## What you have to do
Leave the pictures out and reproduce, exactly, the lines from the one with "this 372×248 image." through the end of the entries below.

(Image-backed grounding data)

□ □ □ □ □

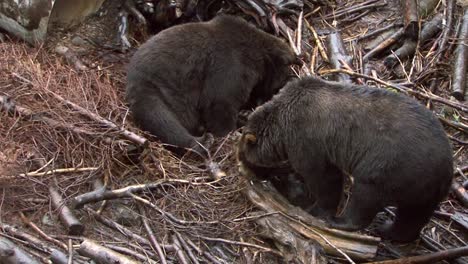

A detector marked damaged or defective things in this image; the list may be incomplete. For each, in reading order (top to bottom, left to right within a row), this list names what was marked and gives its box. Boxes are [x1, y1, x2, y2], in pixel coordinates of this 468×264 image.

broken stick [450, 7, 468, 100]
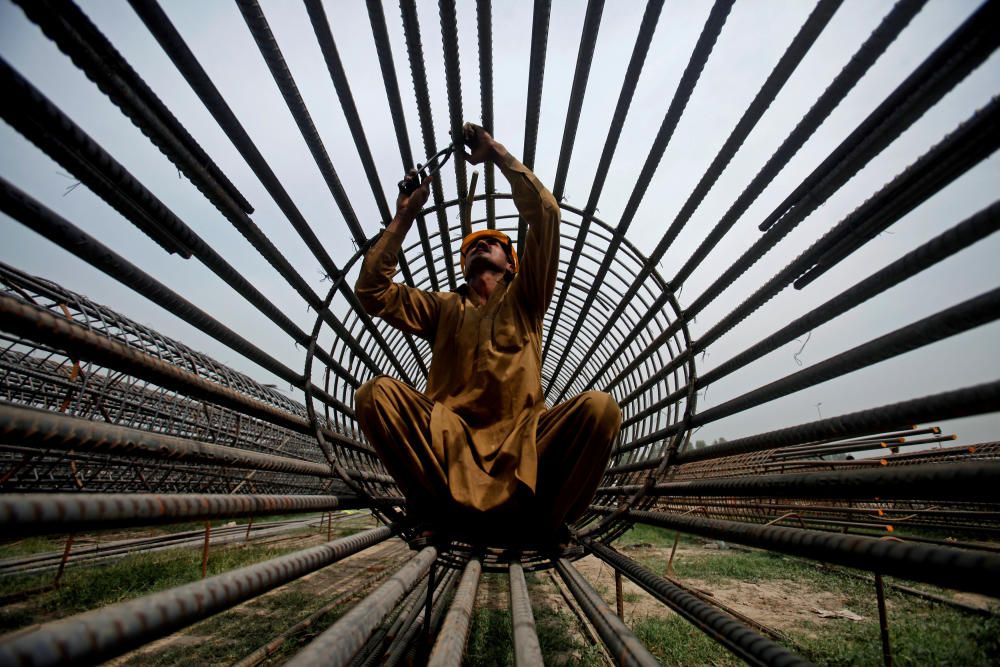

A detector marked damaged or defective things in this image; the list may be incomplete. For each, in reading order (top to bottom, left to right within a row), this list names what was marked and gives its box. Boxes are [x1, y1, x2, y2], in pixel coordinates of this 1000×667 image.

rusty steel bar [0, 294, 368, 452]
rusty steel bar [0, 490, 360, 536]
rusty steel bar [0, 528, 394, 667]
rusty steel bar [284, 548, 436, 667]
rusty steel bar [426, 560, 480, 667]
rusty steel bar [508, 560, 548, 664]
rusty steel bar [552, 560, 660, 664]
rusty steel bar [584, 540, 812, 664]
rusty steel bar [592, 508, 1000, 596]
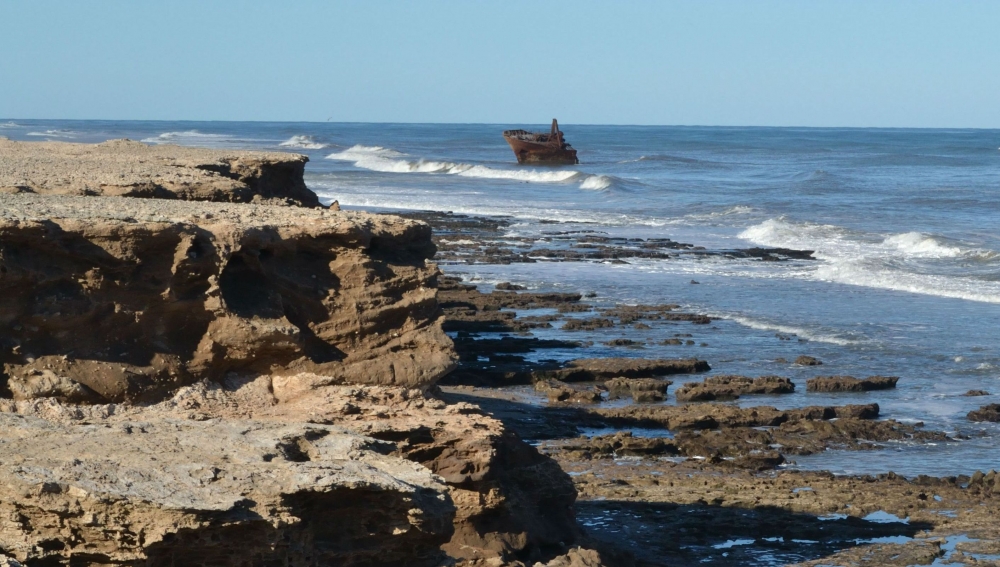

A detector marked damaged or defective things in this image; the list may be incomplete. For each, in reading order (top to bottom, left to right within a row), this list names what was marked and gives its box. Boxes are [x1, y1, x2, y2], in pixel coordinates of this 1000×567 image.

rusty shipwreck [500, 119, 580, 165]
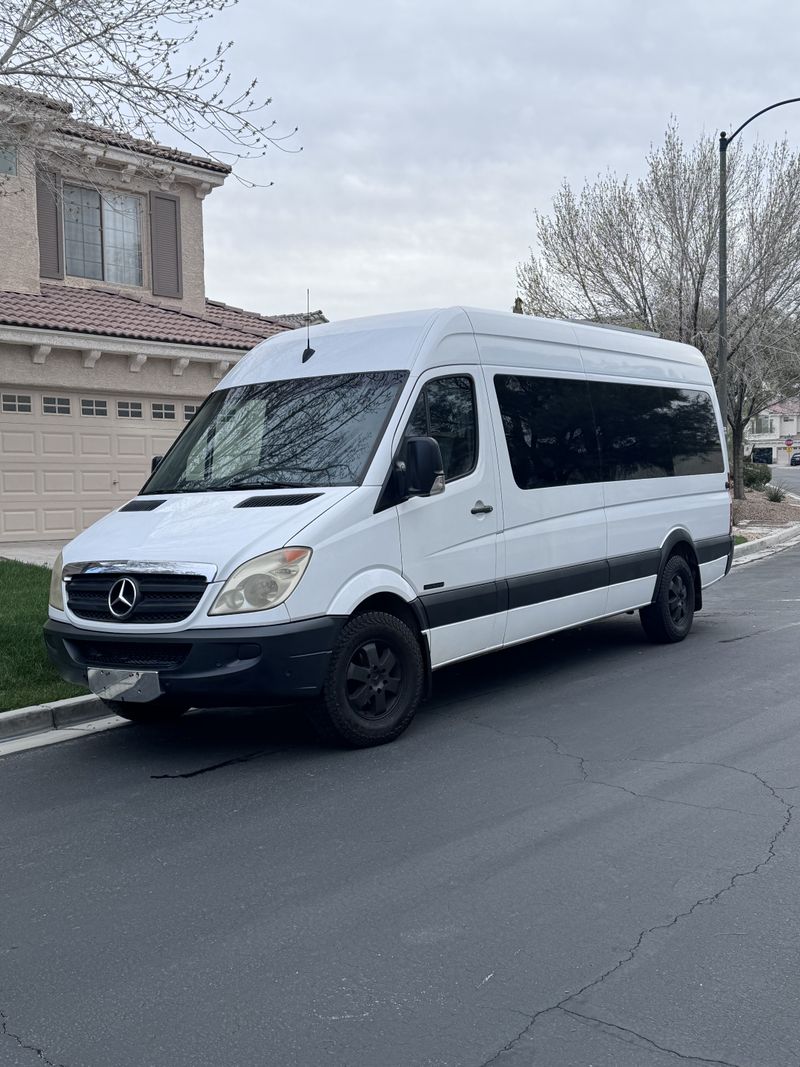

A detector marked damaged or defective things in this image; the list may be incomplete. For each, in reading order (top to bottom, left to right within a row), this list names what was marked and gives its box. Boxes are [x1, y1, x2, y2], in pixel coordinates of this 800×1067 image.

crack in asphalt [150, 746, 288, 781]
crack in asphalt [473, 738, 793, 1062]
crack in asphalt [0, 1007, 65, 1067]
crack in asphalt [558, 1002, 742, 1062]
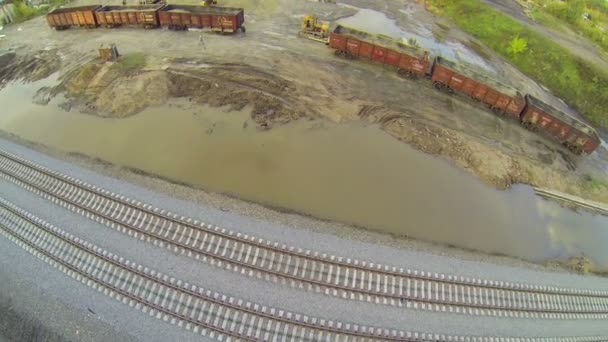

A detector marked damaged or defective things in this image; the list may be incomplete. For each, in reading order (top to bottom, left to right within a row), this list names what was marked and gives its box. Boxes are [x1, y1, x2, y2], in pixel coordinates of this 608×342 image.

rusty freight car [46, 5, 101, 29]
rusty freight car [94, 4, 164, 28]
rusty freight car [158, 5, 246, 32]
rusty freight car [328, 25, 432, 78]
rusty freight car [430, 57, 524, 119]
rusty freight car [520, 96, 600, 155]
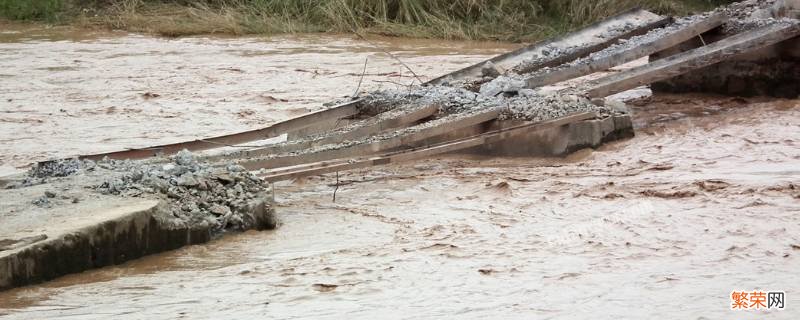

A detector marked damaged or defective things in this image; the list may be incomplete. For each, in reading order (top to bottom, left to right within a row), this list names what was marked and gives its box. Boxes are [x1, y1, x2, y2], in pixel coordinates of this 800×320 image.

broken concrete edge [0, 196, 276, 292]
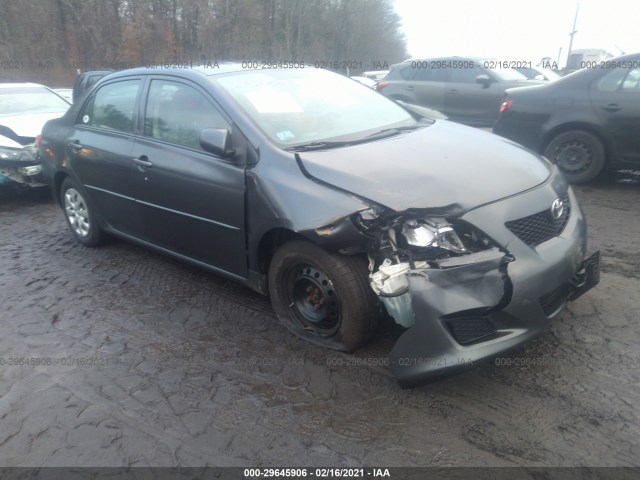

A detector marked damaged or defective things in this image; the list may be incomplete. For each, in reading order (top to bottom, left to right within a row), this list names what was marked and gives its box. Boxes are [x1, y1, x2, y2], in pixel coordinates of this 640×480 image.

damaged hood [0, 112, 67, 141]
wrecked black car [0, 83, 70, 190]
damaged hood [298, 120, 552, 212]
wrecked black car [40, 64, 600, 386]
damaged toyota corolla [40, 65, 600, 386]
cracked grille [504, 193, 568, 248]
crumpled front bumper [390, 179, 600, 386]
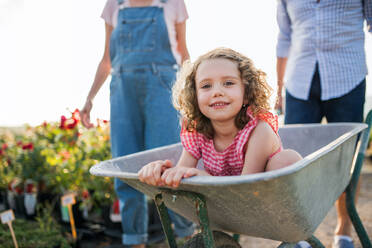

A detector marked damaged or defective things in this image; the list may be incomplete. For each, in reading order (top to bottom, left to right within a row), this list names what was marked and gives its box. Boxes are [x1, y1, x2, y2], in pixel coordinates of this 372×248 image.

rusty metal surface [89, 122, 366, 242]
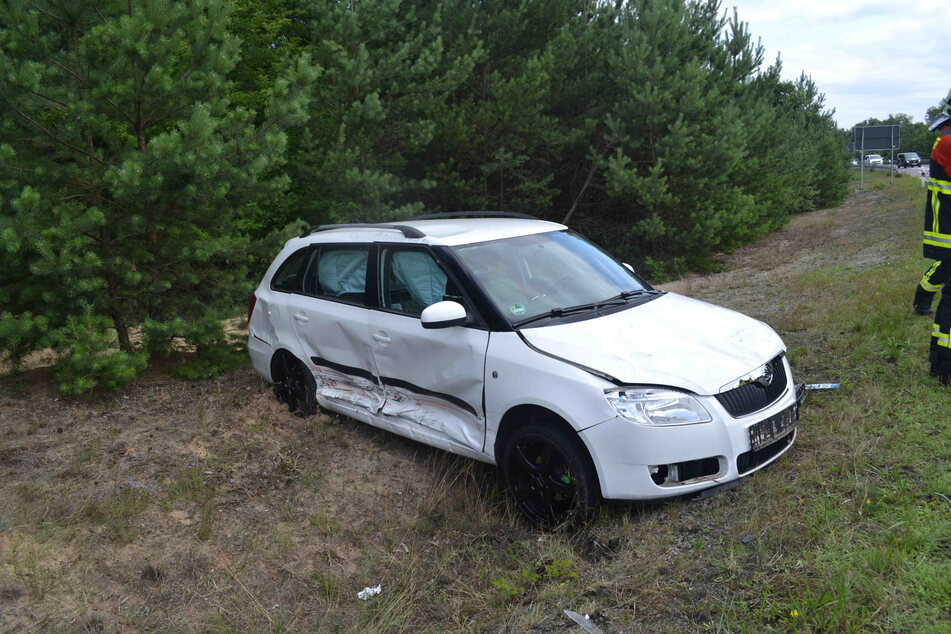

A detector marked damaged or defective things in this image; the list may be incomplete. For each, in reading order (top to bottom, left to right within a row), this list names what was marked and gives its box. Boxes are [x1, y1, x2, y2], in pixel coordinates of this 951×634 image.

dented driver door [372, 244, 490, 452]
damaged white car [249, 215, 808, 524]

□ □ □ □ □

## Solution to the problem
A detector marked damaged or defective things in this image; the list may be incomplete. For each, in reading order (top to bottom, left to right within a row), this list names what was marked and gives its box. Boxes are [x1, y1, x2, y2], in pixel coordinates of this 372×248 image.

rusty metal surface [89, 122, 366, 242]

A detector marked damaged or defective things in this image; the list may be incomplete. For each, in reading order (top to bottom, left to right within a row), this list names what was marked and gives its box. Boxes are [x1, y1, x2, y2], in pixel coordinates of this 951×634 image.

dented driver door [372, 244, 490, 452]
damaged white car [249, 215, 808, 524]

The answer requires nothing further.